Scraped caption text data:
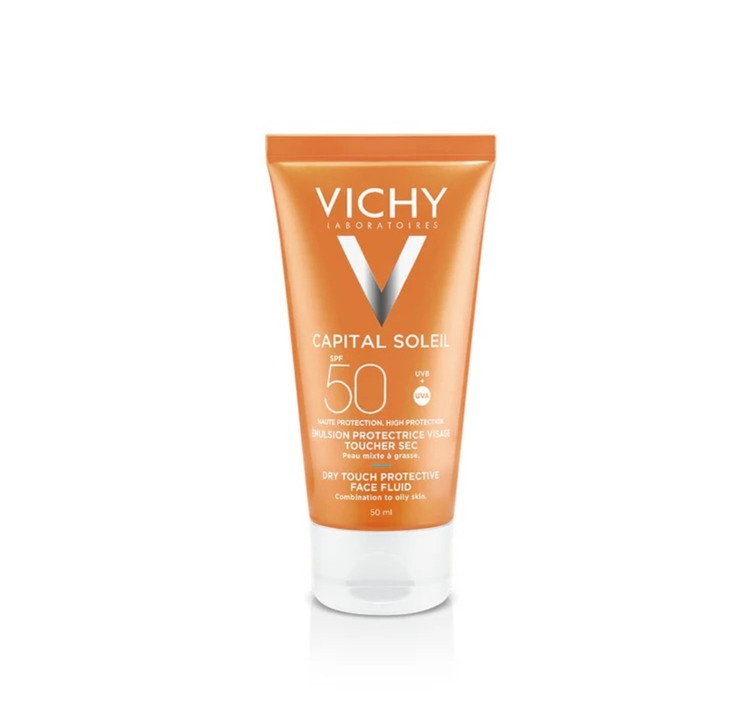 فلوئید ضد آفتاب ویشی درای تاچ پوست‌ چرب و مختلط بی رنگ 50 میل SPF 50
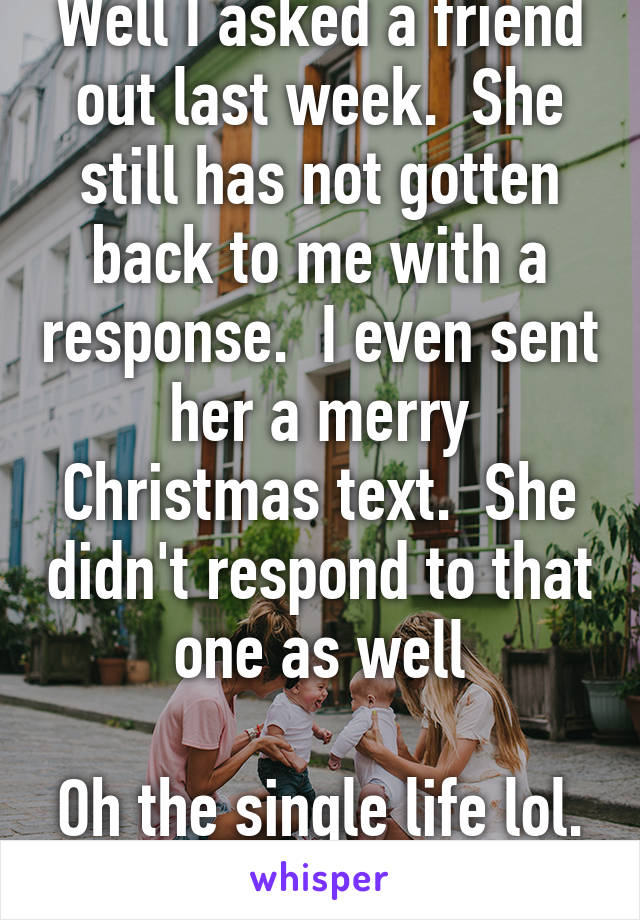 Well I asked a friend out last week.  She still has not gotten back to me with a response.  I even sent her a merry Christmas text.  She didn't respond to that one as well

Oh the single life lol. 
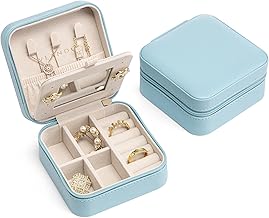Vlando Small Faux Leather Travel Jewellery Box Organizer Display Storage Case for Rings Earrings Necklace with Mirror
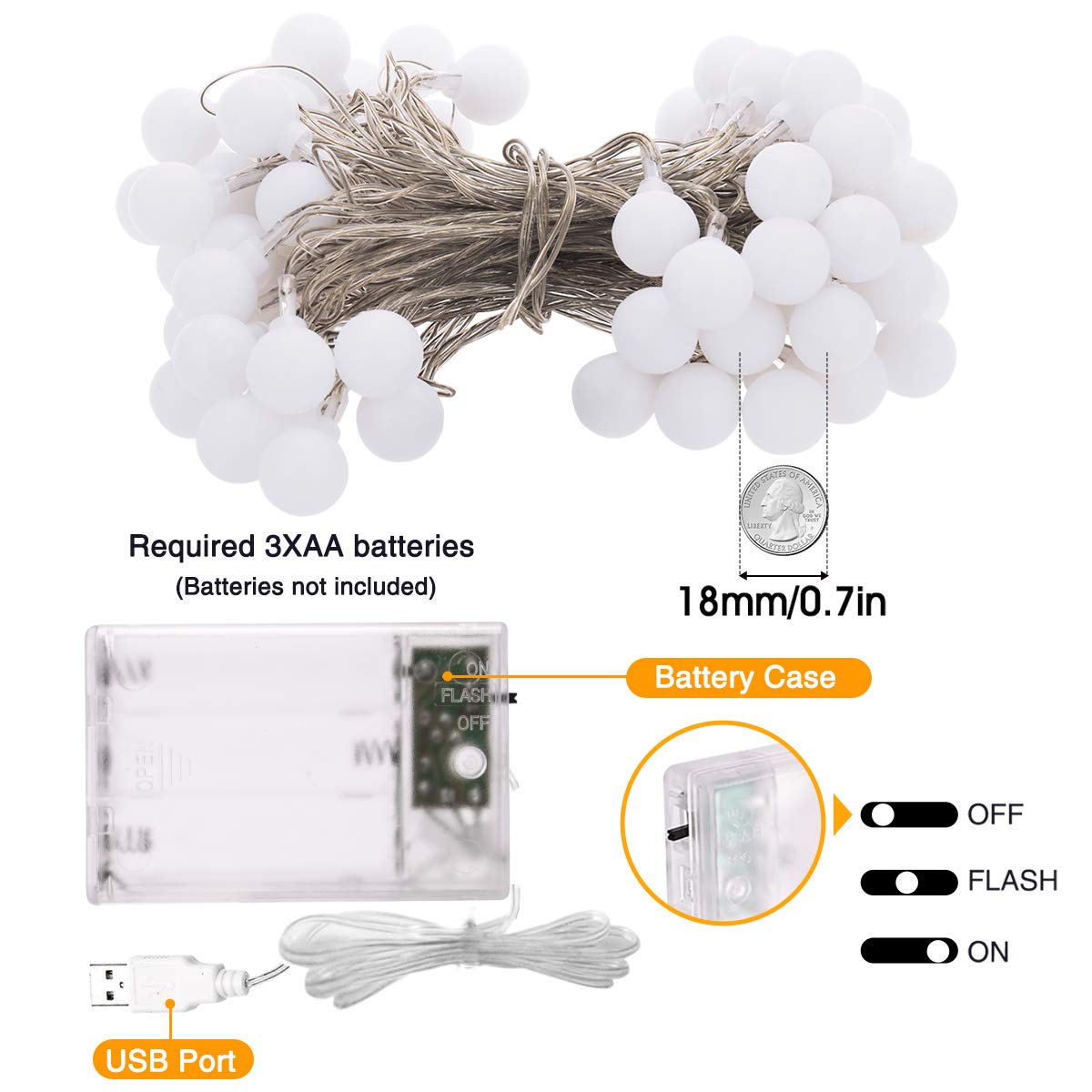 Fulighture Fairy Lights Battery Operated: 5m 16ft 40LED Snowflake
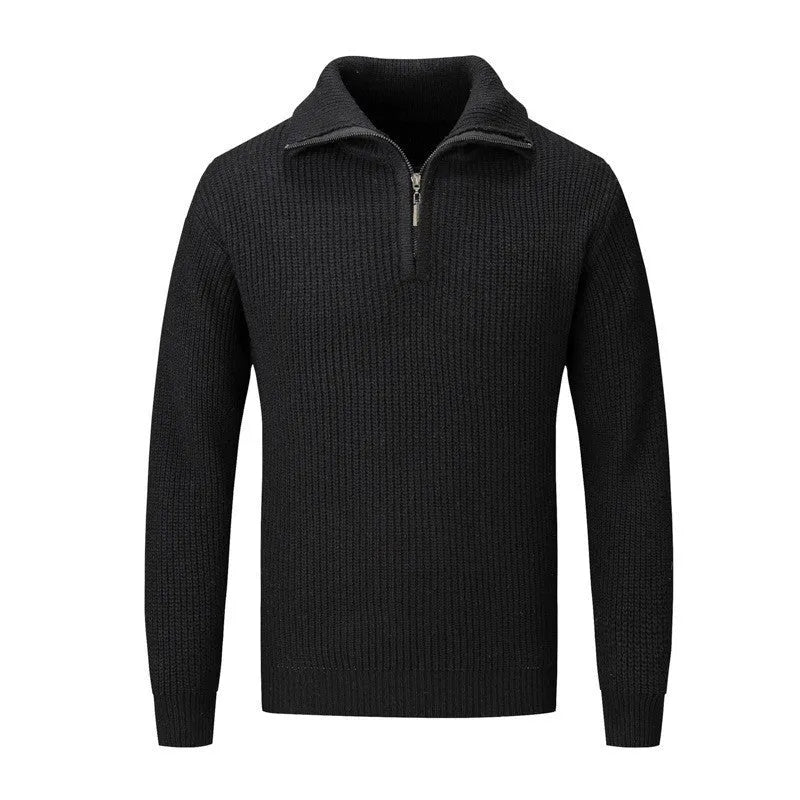 Men's loose fit solid colour pullover sweater for autumn and winter casual wear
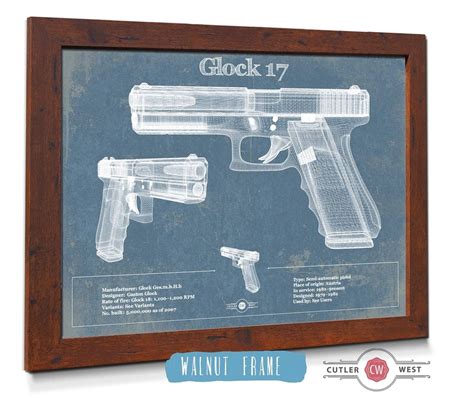 Glock 17 Blueprint Vintage Gun Print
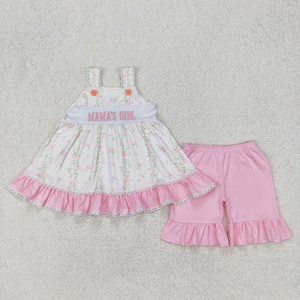 Conjunto de ropa de verano para niñas con bordado de animales de granja, top azul y pantalones cortos a rayas - Product Image 3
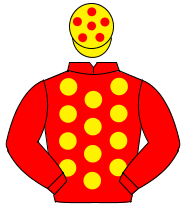 RED, yellow spots, red sleeves, yellow cap, red spots                                                                                                 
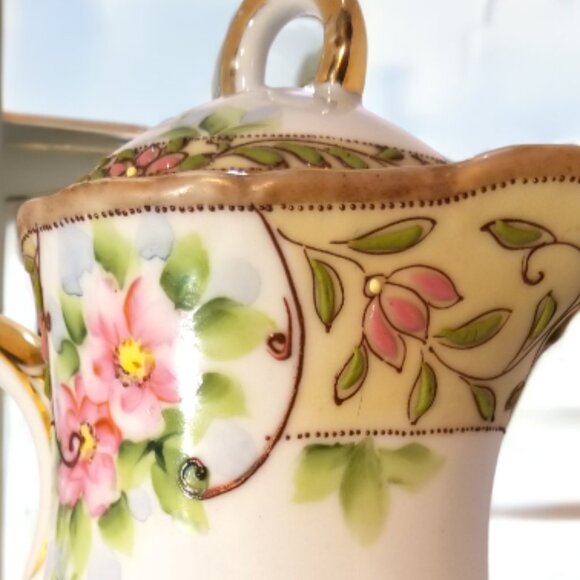 Antique NIPPON Hot Chocolate/Tea /Coffee POT Hand-Painted Japan Circa 1899-1921 - Picture 11 of 16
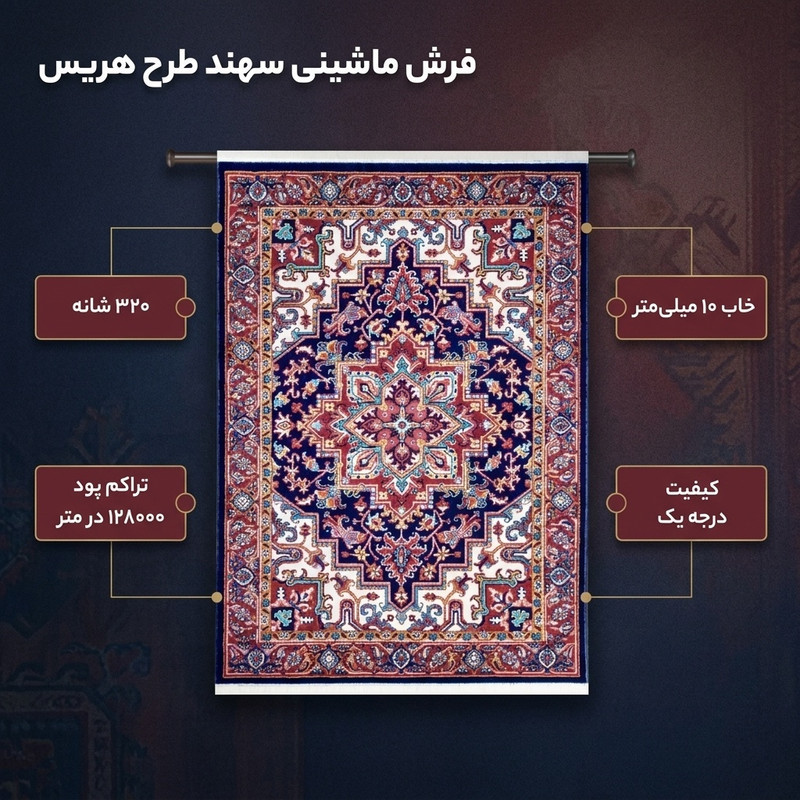 فرش ماشینی فرش سهند طرح هریس کد P648.DJ زمینه سرمه ای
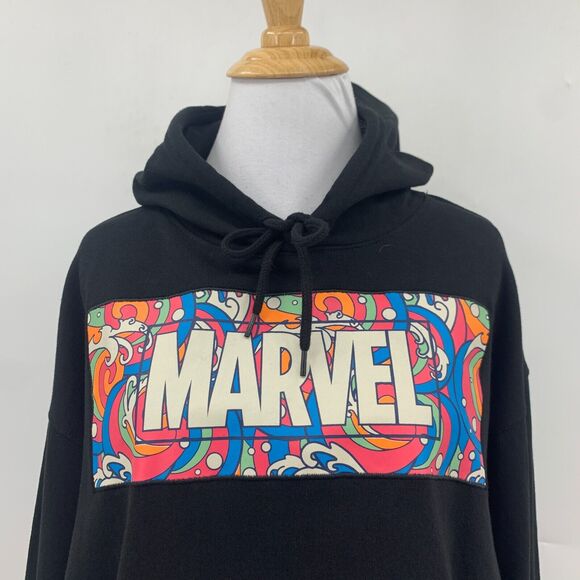 Marvel Hoodie Womens L Large Black Patch Logo Pullover Fleece Sweatshirt New - Picture 3 of 15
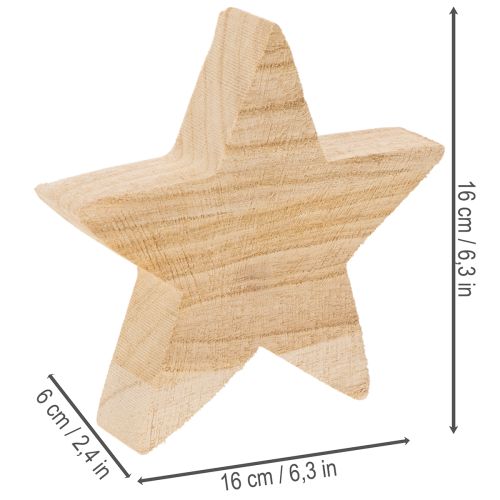 Rustikk stjernelysholder i tre for spisslys, 16 cm | Floristik24.no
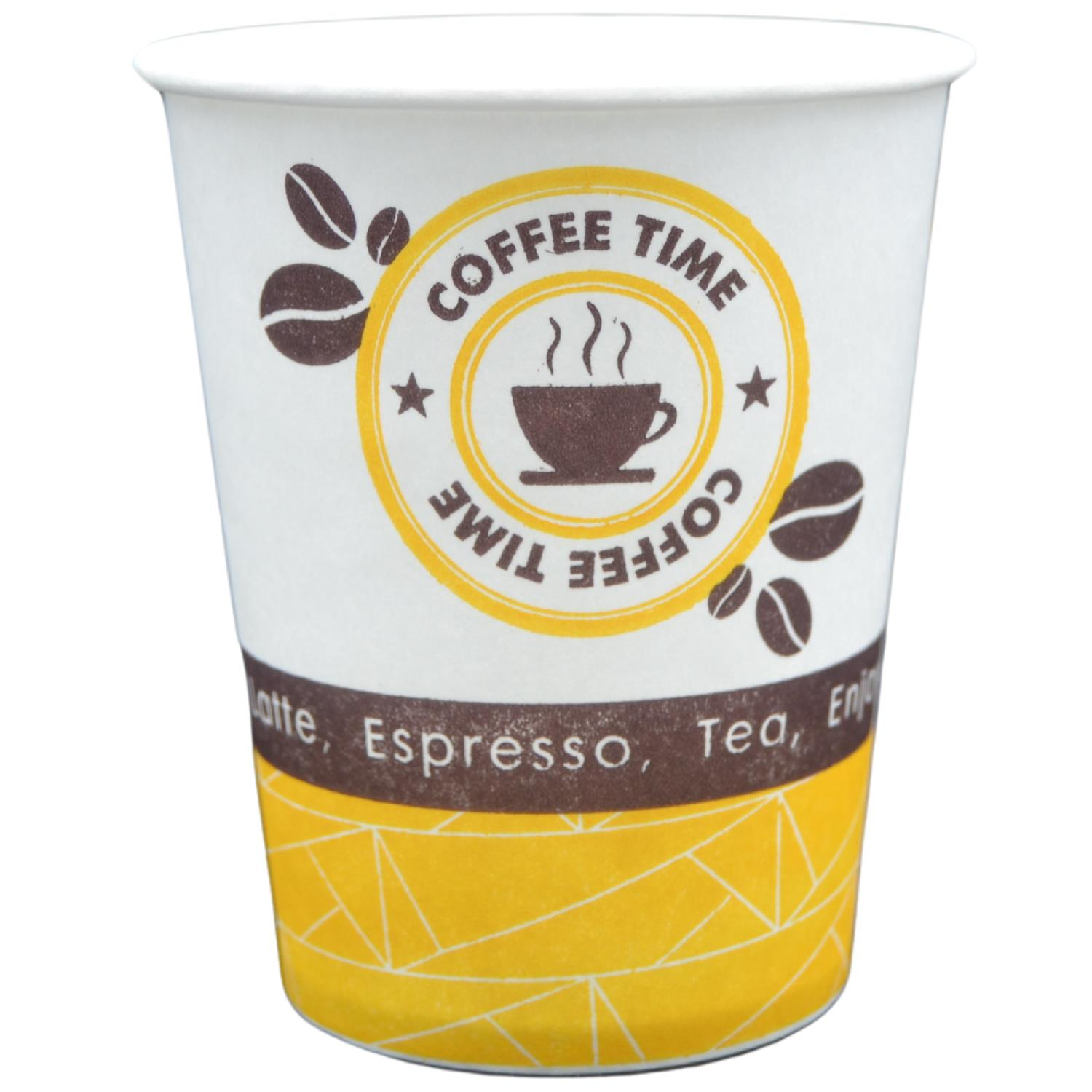 7oz Disposable Paper Coffee Cups 200ml Heat-Resistant Printed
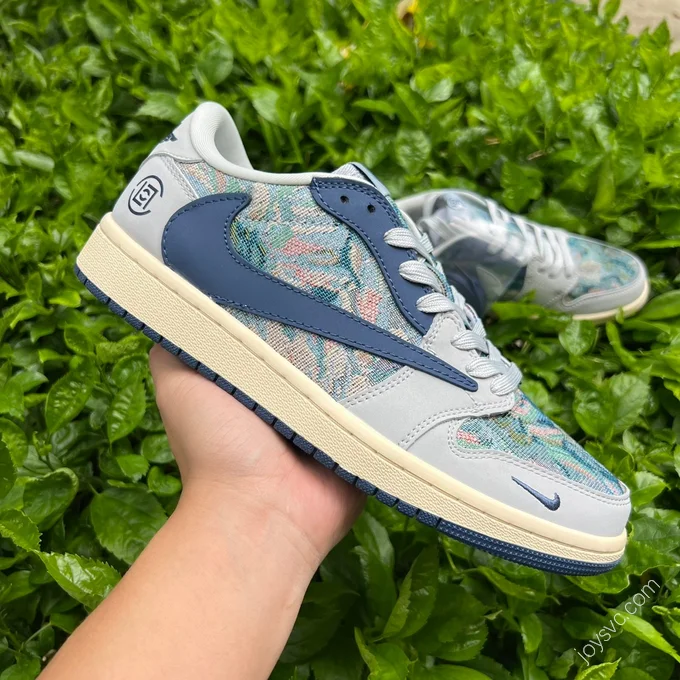 Travis Scott x Air Jordan 1 Low Gray Blue Clot JH6088-707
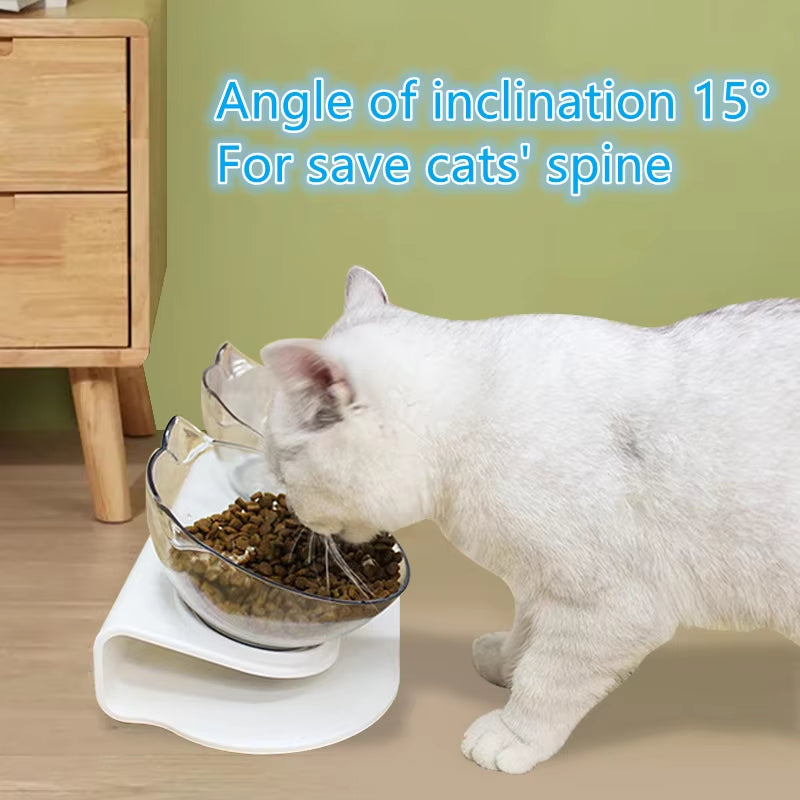 Non-Slip Double Cat Bowl Inclination 15 degrees for Spinal Comfort 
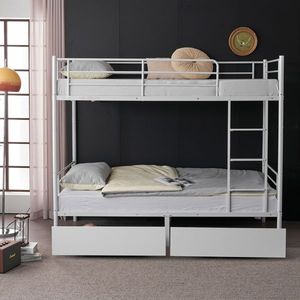 White Twin Over Twin Convertible Bunk Bed with 2 Storage Drawers Metal Bed Can Be Divided Into Two Daybeds - Product Image 4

= To do =
Your task is to repeat exactly the lines from the beginning of the data to the line that contains "Vlando Small Faux", both ends included, leaving out pictures.

= Response box =
 فلوئید ضد آفتاب ویشی درای تاچ پوست‌ چرب و مختلط بی رنگ 50 میل SPF 50
 Well I asked a friend out last week.  She still has not gotten back to me with a response.  I even sent her a merry Christmas text.  She didn't respond to that one as well

Oh the single life lol. 
Vlando Small Faux Leather Travel Jewellery Box Organizer Display Storage Case for Rings Earrings Necklace with Mirror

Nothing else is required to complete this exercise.